- _MATERIAL TO PROCESS_:
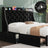Queen Bed Frame with Storage Drawers & Charging Hub Allen Cozy Haven Store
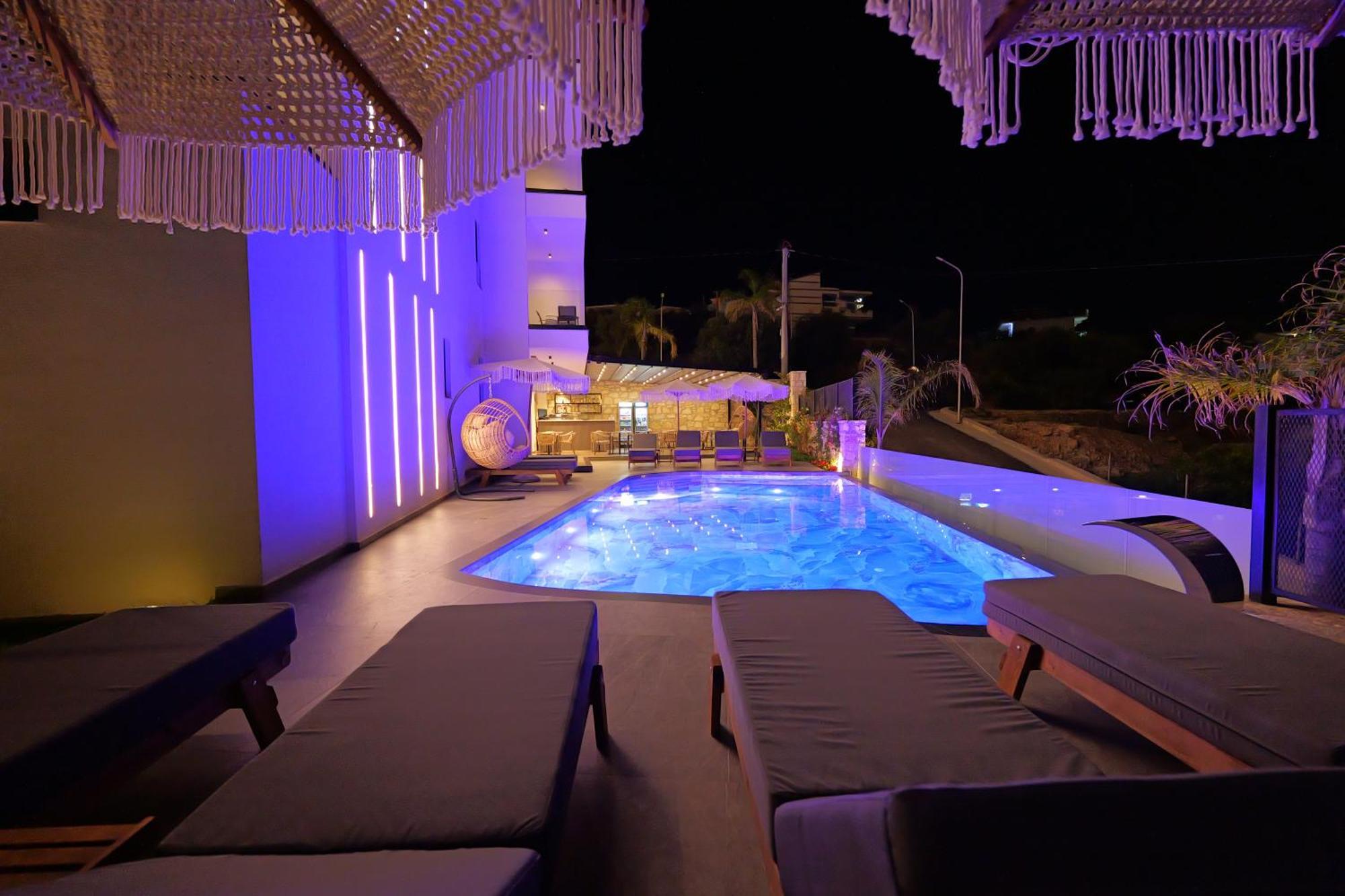 Ori Mare Hotel 사밀 외부 사진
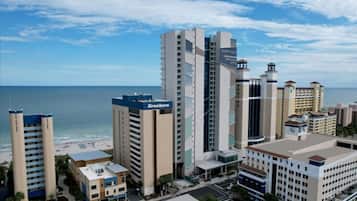 In-room safe, blackout drapes, iron/ironing board, free WiFi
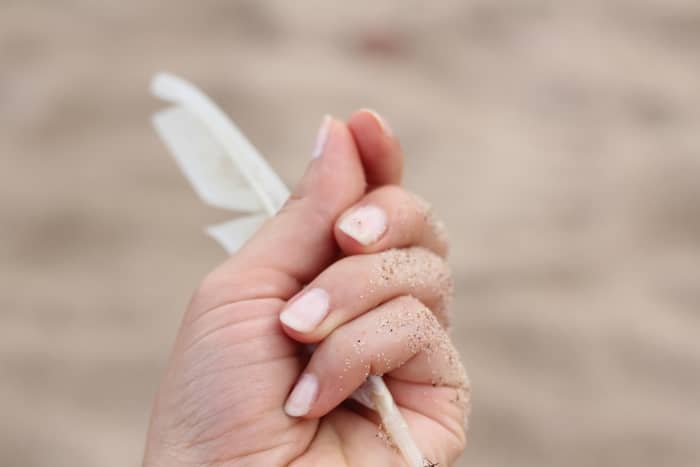 Números da sorte das unhas nos sonhos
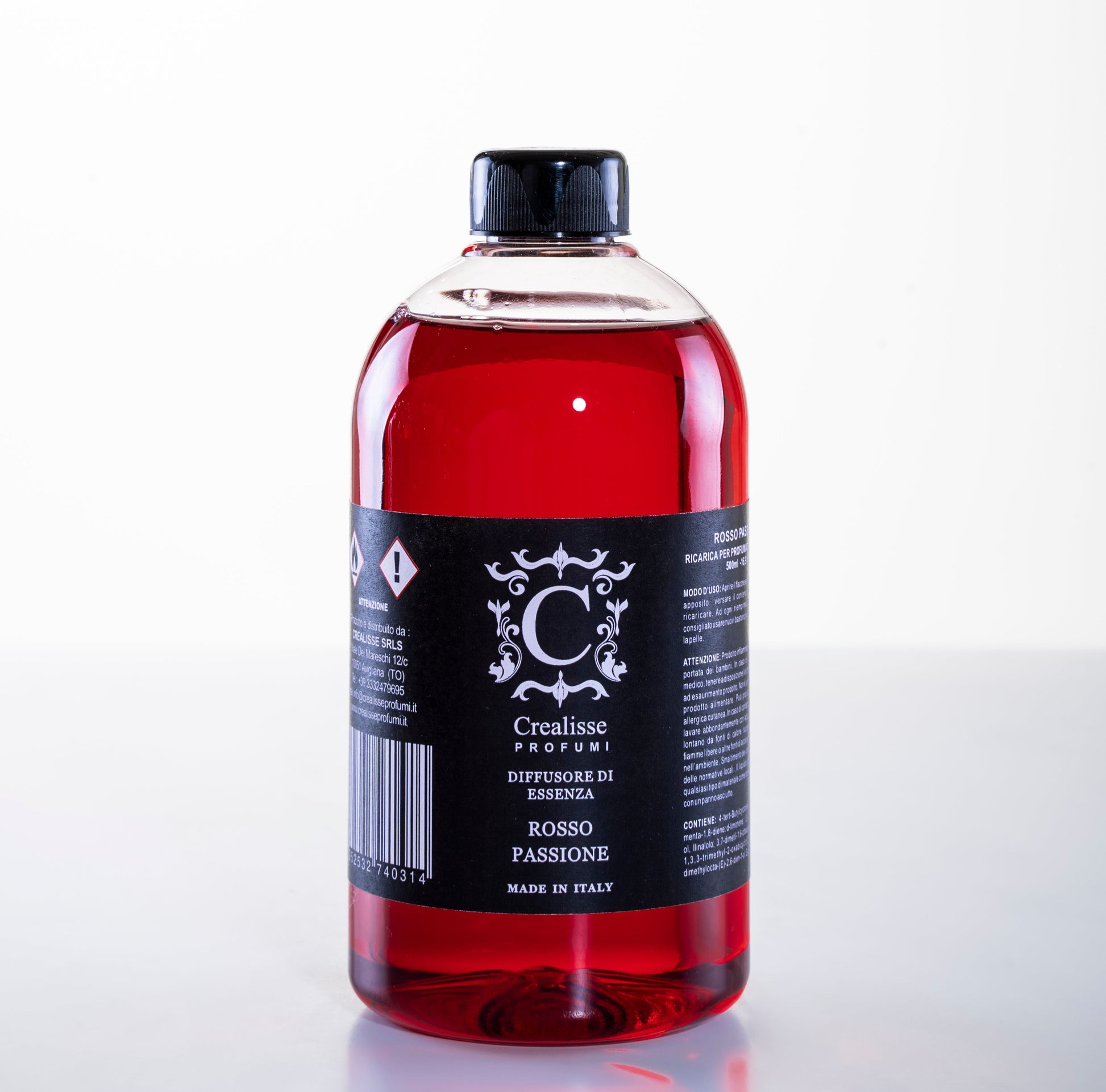 Ricarica für aromatisches Ambiente Rosso Passione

- _ACTION ITEM_: All lines from the one containing "In-room safe, blackout" through the final line of the records are to be retyped exactly; no other lines and no pictures are to be included.

- _FINISHED EXERCISE_:
 In-room safe, blackout drapes, iron/ironing board, free WiFi
 Números da sorte das unhas nos sonhos
 Ricarica für aromatisches Ambiente Rosso Passione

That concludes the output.